Ysaneya · January 12, 2001, 9:33am

Guess this is the day. Today is tested the speed of CVAs with a… Vaudoo2! Since i wanted the geometry to be the bottleneck, i created a mesh of ~10000 triangles, with no textures ( only vertex colors ), no special filter, no blending, no lighting. I also reduced the resolution to 640x480.
Then i rendered the mesh in 6 pass. Should make a huge difference between 10000 transforms, or 10000*6 = 60000 transforms.
Guess what ? 1 fps increase.
Hic.

Y.

BwB · January 12, 2001, 11:25am

So who the heck created the compiled vertex arrays extension in the first place? Does it give an advantage on their hardware?

Ysaneya:
And what was your vertex format was it 32bit aligned entirely? Maybe we need to check various byte alignments, on the PS2 (which is not the subject, but the only thing I have this kind of experience with) verts work best 32 or 64 byte aligned (the size of a block transfer from the Emotion Engine to the Vector Unit)

[This message has been edited by BwB (edited 01-12-2001).]

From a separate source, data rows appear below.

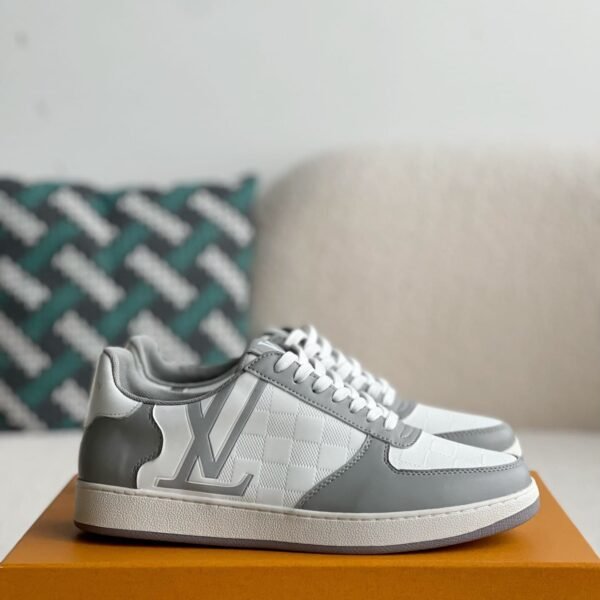 LOUIS VUITTON SNEAKERS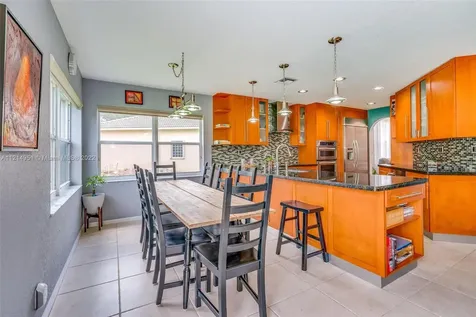 16701 Sapphire Springs Weston FL 33331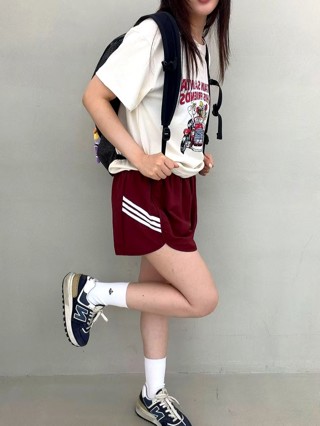 红色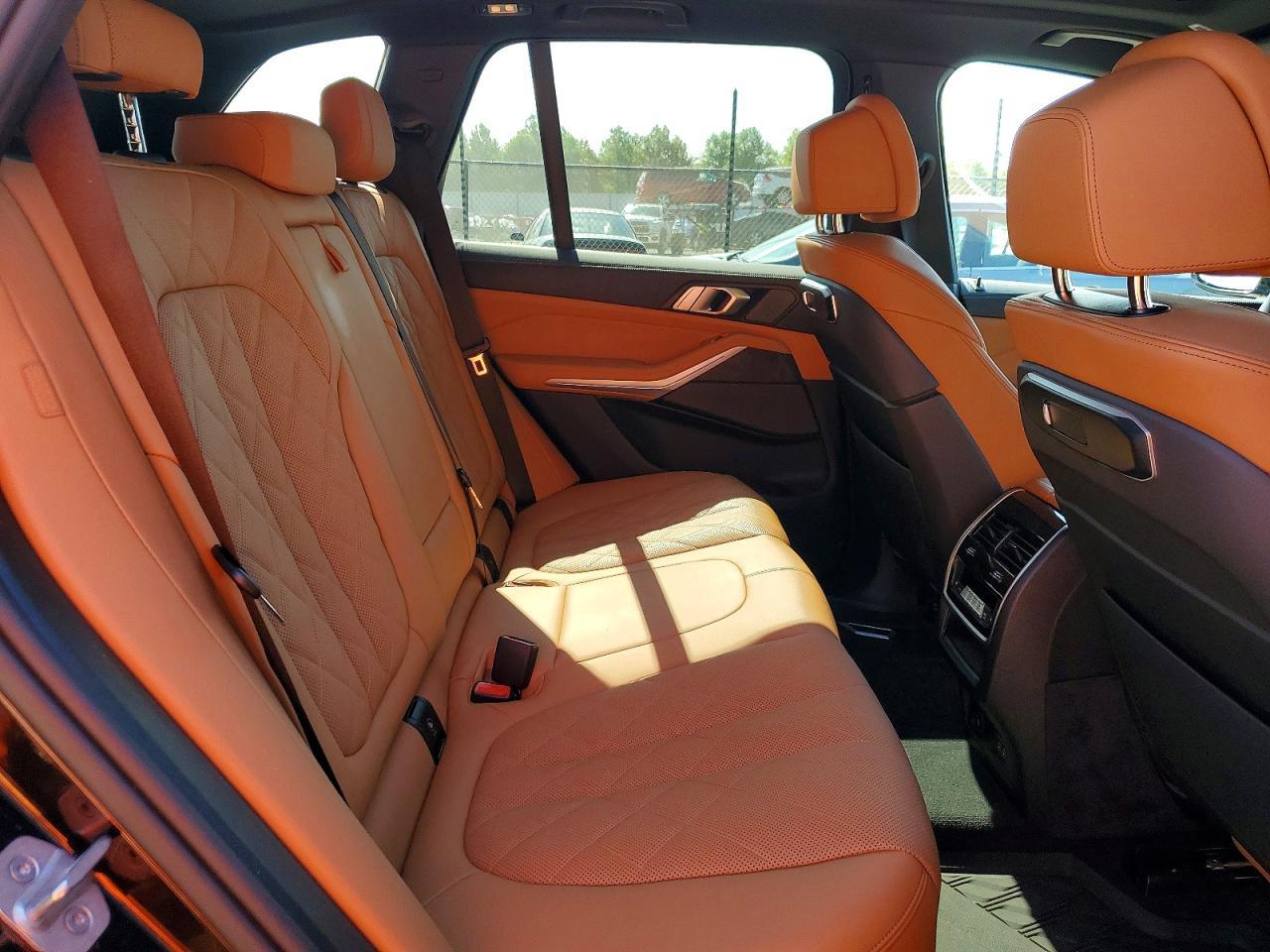 2024 BMW X5 xDrive50E - zdjęcie 11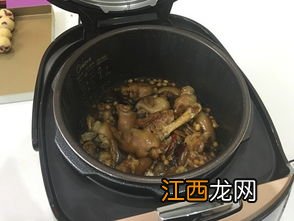 香菇猪蹄炖多久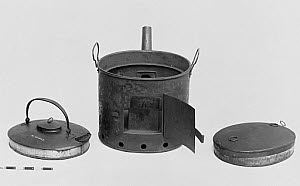 10182366
Bachelor's stove, 1760-1820.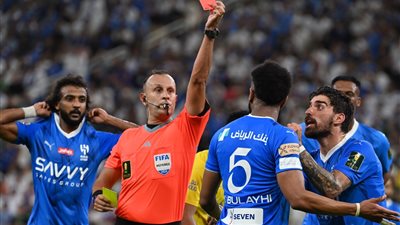 بـ 14 بطاقة خلال اللقاء.. حكم مباراة الهلال والنصر يخطف الأنظار في نهائي الكأس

zed · January 12, 2001, 12:44pm

Ysaneya with the voodoo try not actually drawing the triangles on the screen ie point the camera the other way and test the fps then

XBCT · January 12, 2001, 2:50pm

Hi!
Thanx for all your ideas…
I still didn´t find a way to use the CVA´s in a way which gives a real speed-up…
And I tried everything:
Reducing the res to 320*200 and scaling the texture size to one eighth to make sure it´s not fillrate-limited…
I tried the different vertex formats and found the one Carmack uses(4 floats per vertex) is the fastest but it still gives only 1 or 2 FPS additionally…

P.s.:
>Do any of you actually plan to make a game out of your Q3 clones or do you just want render engines?<

First of all I do it for learning purposes and once I even had a team+story+level-designers and activision was interested in our ideas but I had to give it up ´cause school eats up to much time…

P.P.s.:Beavis I would be interested in discussing the subject but I´m not of much help here ´cause I still didn´t find where the problem is…If you know something new please mail me.Perhaps we should ask the Nvidia guys here?

Greets, XBTC!

Julio · January 12, 2001, 4:14pm

You are sorting the textures like they do in q3 aren’t you? that may help some performance wise.

Gorg · January 12, 2001, 4:24pm

If you blow the vertex cache you won’t notice any difference!!

If you read the Q3 engine specs, it says it is using 1k vertex buffers. Meaning they only put 1024 vertices in a vertex buffer. If you look at nivdia paper for Direct3d vertex buffers, they say that around 2000 vertices can be optimal.

[This message has been edited by Gorg (edited 01-12-2001).]

XBCT · January 13, 2001, 12:55am

Hi!
Thanx for your answers…
Julio: Yes everything is sorted by shader…
Gorg: Sounds interesting I´ll try it…

Greets, XBTC!

XBCT · January 13, 2001, 2:31am

Gorg I checked my code now and my vertex buffers are already limited to 1024 Vertices…

Greets, XBTC!

[This message has been edited by XBCT (edited 01-13-2001).]

Gorg · January 13, 2001, 8:05am

Have you tried running quake3 and setting off the CVA to see what will the slowdown be?